Nobody knows why that government check comes in for Lonzy every month. To hear Dalton tell it, “Lonzy got shell shocked in the war and that’s why he gets that check.” But Dalton’s got no call whatever to say that. He just made it up because he can’t admit when he doesn’t know something. Lonzy’s check is for sixty-nine dollars and Lonzy spends about thirteen of it. Always on the same things: sardines, crackers and cheese, tobacco and hard green rock candy. Lonzy never signs any kind of papers. So Dalton signs his checks for him.
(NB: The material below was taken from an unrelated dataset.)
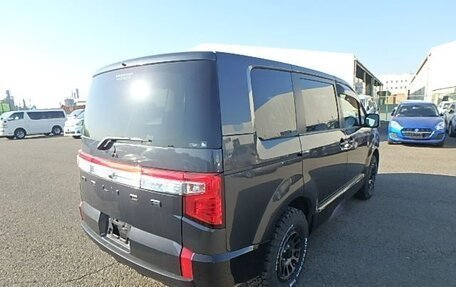 Mitsubishi Delica D:5 I, 2022 год, 2 980 000 рублей, 5 фотография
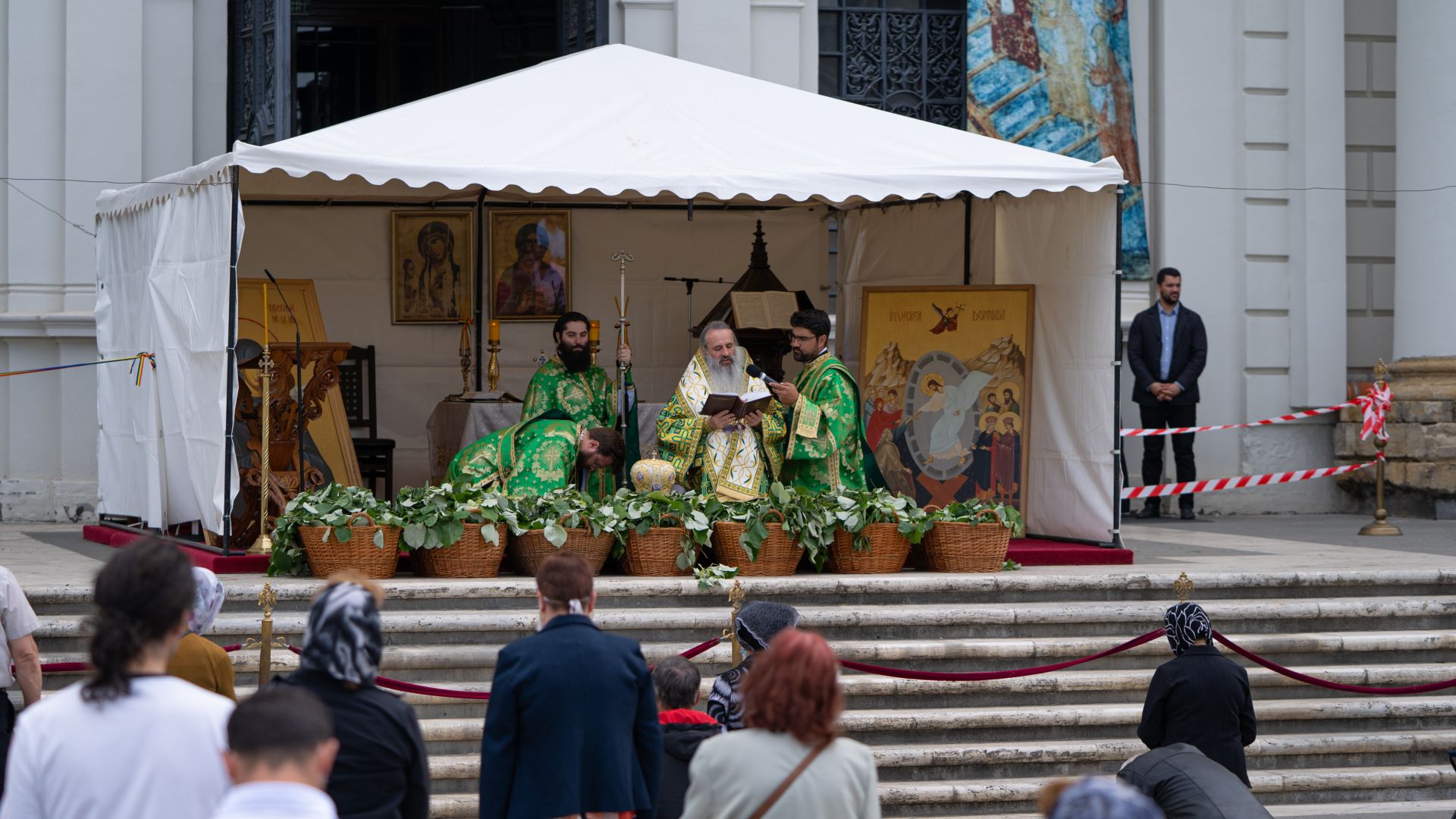 Pogorârea Sfântului Duh la Catedrala Mitropolitană din Iași: „Să ne dăruiască Dumnezeu putere ca ceva din adumbrirea Duhului Sfânt să ne cuprindă și pe noi”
And lord forbid Lonzy should have a bank account like most people. He’s likely got a fortune buried someplace around that pigpen.

“Well, if Lonzy Barker is missing, we ought to go over and take a look around his place,” I tell Dalton. So we drive over in Dalton’s Camero to Lonzy’s place down there at the edge of the county along Back Creek. Lonzy’s place is the same as it’s always been — wet books, a cold wood stove that Lonzy cooks right on the top of, no skillet or anything, and layers of cardboard on the dirt floor where Lonzy sleeps summer and winter.

“Which tells us absolutely nothin’,” says Dalton.

“What did you expect?” I asked. “It’s not like you could check on him by seeing if the newspapers are piling up on the front step of his pigpen. Hell man, he don’t even have a front step.”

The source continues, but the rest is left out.